Hi
Am 2025-09-01 15:50, schrieb Andreas Heigl:
While I understand the idea my nitpick to this was to not assume
86,400-second days. As the examples in the RFC explain quite
understandable that the voting ends (earliest) at 16:00H when it
started at 16:00 hours I would not put that into actual hours.
[…]
In addition, adding 2 weeks to a datetime will add (usually) 14 days to
the date but the time will stay the same anyhow.
That depends on the timezone. DST changes do not all happen at the same
time or day around the world, sometimes they do not happen at all.
Having a purely day-and-time-based definition is needlessly ambiguous, 2
days could be validly interpreted as everything between just over 24
hours (when the beginning of the period is at 23:59:59 of day 1 and the
end at 00:00:00 of day 3) and 49 hours (“same time across a DST
change”).
If we see that the number of hours elapsed is a reason to question the
validity of a vote - and as far as I understand it that is what this is
in essence trying to prevent - then in my opinion we have a different
problem that is not going to be resolved based on the number of elapsed
hours.
Policy, like contracts, exist to make an agreement in preparation for
future situations where folks disagree.
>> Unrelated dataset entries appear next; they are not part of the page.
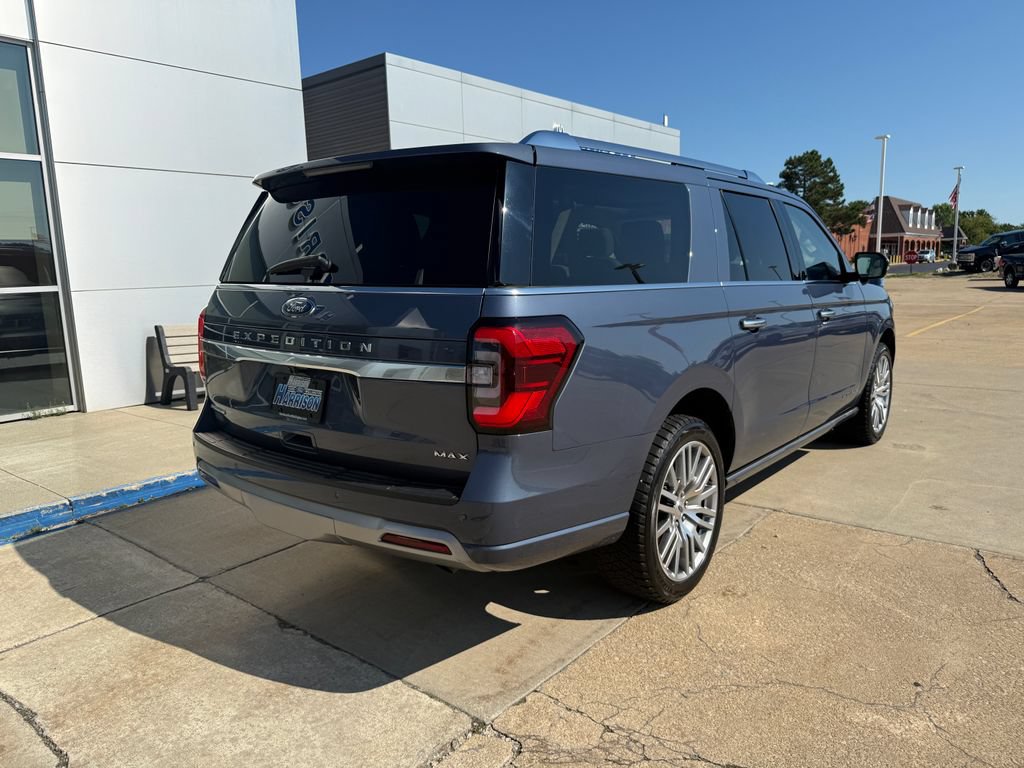 Used 2023 Ford Expedition Max Platinum AWD/4WD image 3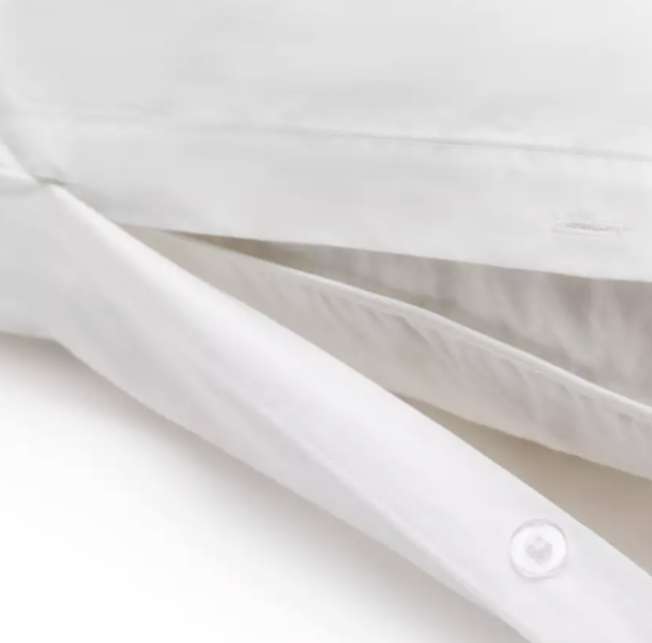 100% white cotton duvet sets half price in all size. Free C&C Selected Stores
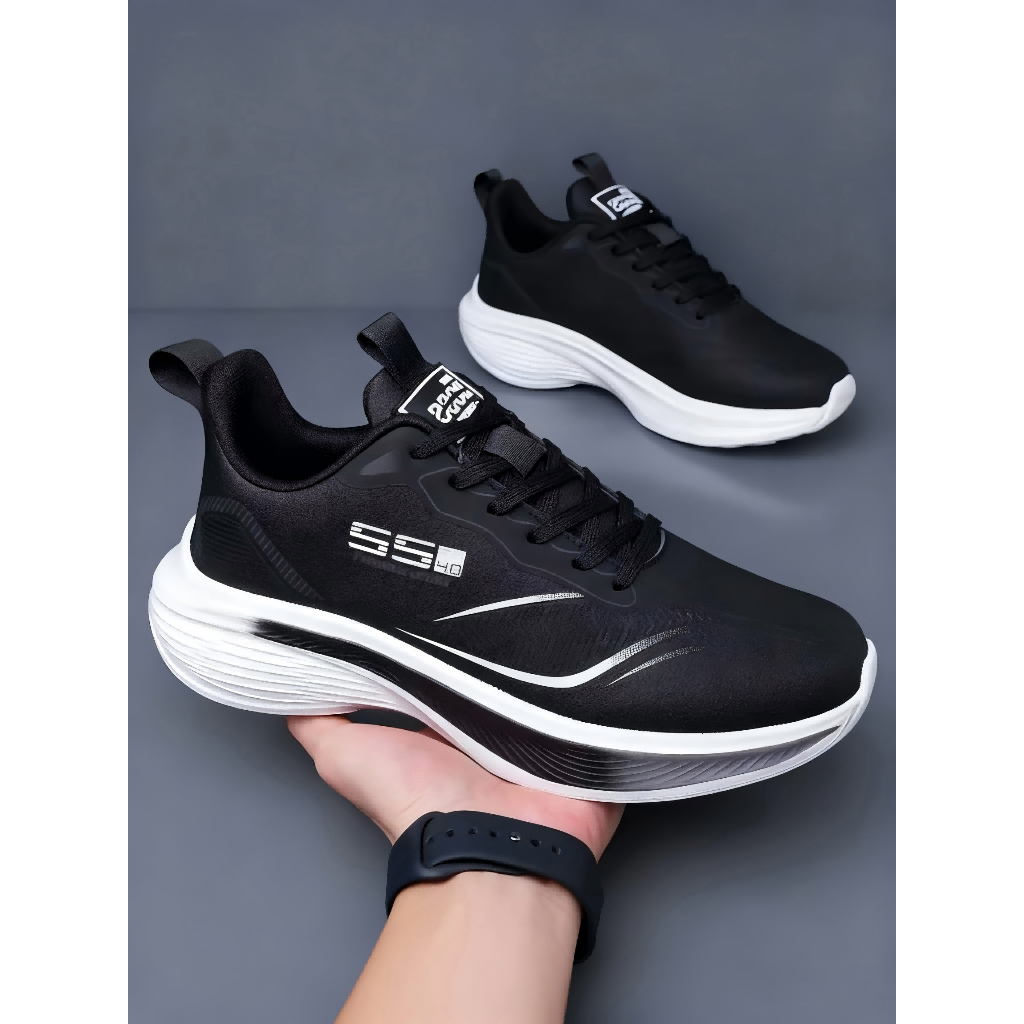 Sepatu Olahraga Pria/Sepatu Lari Warna Hitam, Bahan EVA. Warna: Hitam / Putih | Ukuran: 39-44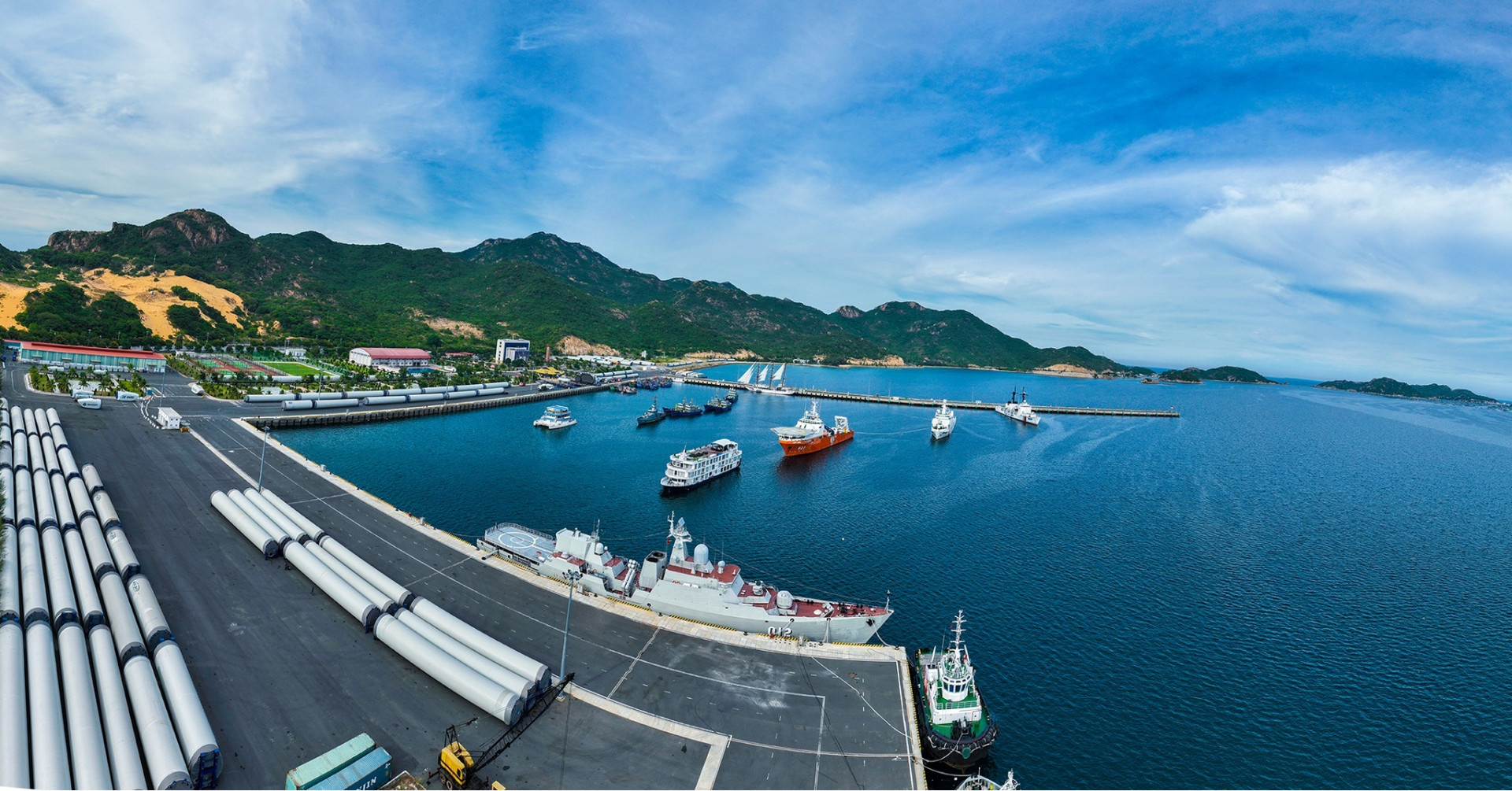 Der internationale Hafen von Cam Ranh verfügt über eine sehr moderne Infrastruktur.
While I certainly hope that we
won't need to be pedantic about the policy and that everyone is acting
in good faith, I want to avoid needing to discuss what “2 weeks” means
in a situation that is already stressful for everyone involved due to
other circumstances. Having a clear definition in the policy makes it
easier to cut that discussion short.
However you are right that it's easy to accidentally violate the “hour
rule” in case of DST changes. What about slightly decreasing them to
give some wiggle room to account for varying schedules and DST /
timezone changes?
- 2 days: 40 hours (1 full day + 16 hours)
- 1 week: 160 hours (7 full days + 16 hours)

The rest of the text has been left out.